Data Preparation Notebook

The data for this notebook is from Kaggle. The data looks like it is synthetic, the characteristics observed in the dataset also seem to suggest that. The objectives for this notebook are to:

  1. Understand the attributes in the dataset, thier purpose and range of values
  2. Understand how transactions are represented
  3. Extract transactions involving an ice cream purchase
  4. Aggregate the ice cream transactions at a daily cadence
  5. Extract the maximum daily sales of ice cream for each week of the analysis period
import pandas as pd
fp = "../data/Retail_Transactions_Dataset.csv"
df = pd.read_csv(fp)
df.head()

Profile the categorical columns

df.columns
category_cols = ['Payment_Method', 'City', 'Store_Type',\
       'Discount_Applied', 'Customer_Category', 'Season', 'Promotion']
df[category_cols] = df[category_cols].astype('category')
df["Date"] = pd.to_datetime(df["Date"])
df.dtypes
df["Customer_Category"].value_counts()
df["City"].value_counts()

Observation

The counts for each of the metro areas are very similar, the counts for each of the customer categories are very similar, so this dataset was probably synthetically generated.

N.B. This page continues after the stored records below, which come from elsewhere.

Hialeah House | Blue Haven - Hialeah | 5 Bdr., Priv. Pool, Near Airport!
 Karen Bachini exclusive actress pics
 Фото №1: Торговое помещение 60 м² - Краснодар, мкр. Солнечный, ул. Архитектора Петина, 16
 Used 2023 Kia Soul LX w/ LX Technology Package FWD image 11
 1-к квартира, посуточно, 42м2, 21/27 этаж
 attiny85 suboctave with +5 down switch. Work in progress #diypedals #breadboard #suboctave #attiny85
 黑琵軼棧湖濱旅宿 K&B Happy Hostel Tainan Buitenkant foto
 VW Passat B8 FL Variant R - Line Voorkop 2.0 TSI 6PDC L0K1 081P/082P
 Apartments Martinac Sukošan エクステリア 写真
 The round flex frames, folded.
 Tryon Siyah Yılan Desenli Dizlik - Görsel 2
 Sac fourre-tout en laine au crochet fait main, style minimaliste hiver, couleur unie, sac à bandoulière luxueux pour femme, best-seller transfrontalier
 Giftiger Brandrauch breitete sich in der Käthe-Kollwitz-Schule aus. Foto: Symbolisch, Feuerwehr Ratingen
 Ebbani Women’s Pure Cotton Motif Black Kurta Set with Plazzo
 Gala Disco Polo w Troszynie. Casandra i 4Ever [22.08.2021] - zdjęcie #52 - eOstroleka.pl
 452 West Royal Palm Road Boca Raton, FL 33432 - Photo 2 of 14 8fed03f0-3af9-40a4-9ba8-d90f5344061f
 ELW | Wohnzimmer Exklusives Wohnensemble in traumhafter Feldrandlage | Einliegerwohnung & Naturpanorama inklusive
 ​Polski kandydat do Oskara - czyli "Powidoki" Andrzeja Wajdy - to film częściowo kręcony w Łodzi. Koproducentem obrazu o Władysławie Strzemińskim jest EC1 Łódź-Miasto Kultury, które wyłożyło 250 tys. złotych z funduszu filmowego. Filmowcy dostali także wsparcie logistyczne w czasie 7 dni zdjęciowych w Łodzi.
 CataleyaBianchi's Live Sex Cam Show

df["Product"] = df["Product"].apply(eval)
purchase_summ = {}
for index, row in df["Product"].items():
    for p in row:
        if p in purchase_summ:
            purchase_summ[p] += 1
        else:
            purchase_summ[p] = 1
        

Extract the ice cream transactions

def is_ice_cream(row):
    for p in row:
        if p == "Ice Cream":
            return True
    return False
df["is_ice_cream"] = df["Product"].apply(is_ice_cream)
df_ice_cream_trans = df[df["is_ice_cream"]].reset_index()
req_cols = ["Date"]
df_ice_cream_trans = df_ice_cream_trans[req_cols]
df_ice_cream_trans["ice_cream_purchases"] = 1
df_daily_ice_cream_sales = df_ice_cream_trans.set_index("Date").resample("D").sum()
df_weekly_max_ice_cream_sales = df_daily_ice_cream_sales.assign(year=df_daily_ice_cream_sales.index.year,\
                                week = df_daily_ice_cream_sales.index.isocalendar().week).groupby(['year','week']).max()
df_weekly_mean_ice_cream_sales = df_daily_ice_cream_sales.assign(year=df_daily_ice_cream_sales.index.year,\
                                week = df_daily_ice_cream_sales.index.isocalendar().week).groupby(['year','week']).mean()
df_weekly_max_ice_cream_sales = pd.DataFrame(df_weekly_max_ice_cream_sales.to_records()) 
df_weekly_max_ice_cream_sales
df_weekly_mean_ice_cream_sales

Write the extracted files for further analysis

fpdaily = "../data/daily_ice_cream_sales.csv"
fpmaxweekly = "../data/max_weekly_ice_cream_sales.csv"
fpmeanweekly = "../data/mean_weekly_ice_cream_sales.csv"
df_daily_ice_cream_sales.to_csv(fpdaily, index=True)
df_weekly_max_ice_cream_sales.to_csv(fpmaxweekly, index=True)
df_weekly_mean_ice_cream_sales.to_csv(fpmeanweekly, index=True)